Carefully identify the premises – (i.e., 1234a Main Street Harmon, Virginia - A retail space consisting of 3,000 square feet). Usually, the area reflected in the letter will be the “gross” square footage of the space (which, as you may know, can be very different from your actual - or “net” - square footage).

Some Landlords and their attorneys are pretty fond of saying “approximately “X” square feet…which, if you were going to pay them “Approximately “X” dollars a month in rent”, would be a fair way to put it. In our opinion, life doesn’t work that way and neither should your LOI or lease. You need to measure, identify and agree in the letter, as accurately as possible, the actual square footage of your rentable area. If at all possible, attach and include a scaled rendering showing the exact size and position of the store as an exhibit.

Why be so anal about it? Because aside from it affecting your rent number (on a retail site with with a $45.00 per square foot rental, the difference between "Approximately" 3,200 S.F. and an actual 3,175 s.f. equates to an anual overpayment of $1,125. Not a big deal? Add in the additional rent (CAM, Taxes and Insurance) say, of five bucks and now you're overpaying $1,750 a year more than necessary. Not cool...

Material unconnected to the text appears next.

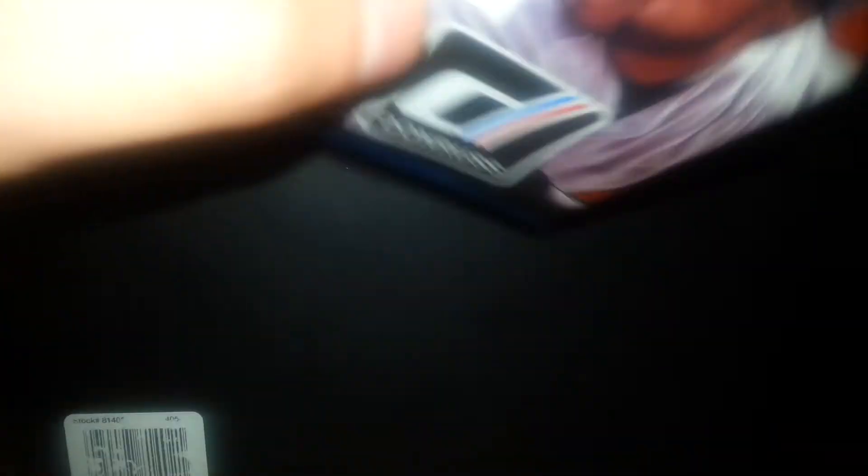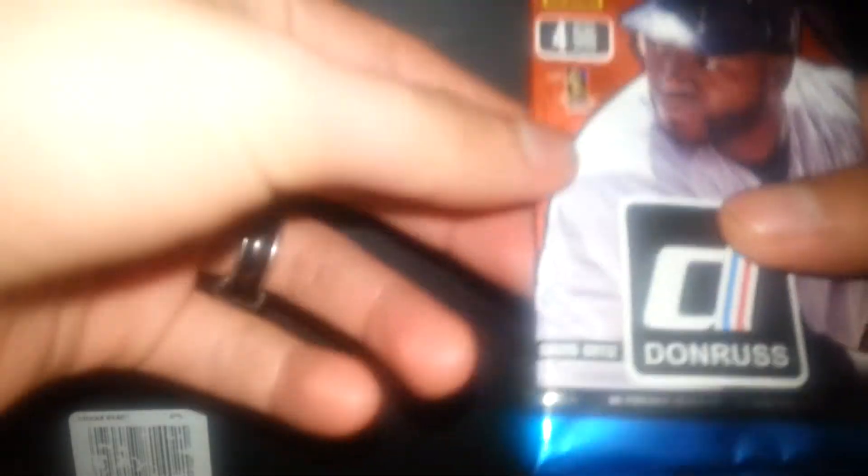Four retail cards per pack. I don't know why I said that, but this is from the Dollar Tree. There's 155 veteran and retired base cards in 2014 baseball. It's from the Dollar Tree.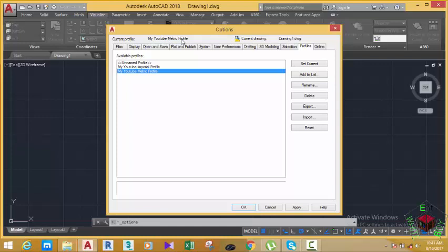In the previous session we used the YouTube Metric profile, but you may want to start AutoCAD with a different profile, like the YouTube Interior profile or another named profile. There is a way to start AutoCAD with a specific profile so that when AutoCAD opens, that profile is already the current profile. I'm going to show you that method in an upcoming tutorial.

Detail your intended Use: Spell out how you intend to use the space; but try to be as general as possible. There are two very good reasons for this;  first, because it may affect your right to assign or sublease the space at sometime in the future and secondly, and just as important; you should think about restricting the Landlord’s ability to lease any adjacent space to a similar or competing Tenant. Although Restrictive Use clauses are usually best addressed in the final contracts, putting them on notice now may save some time later.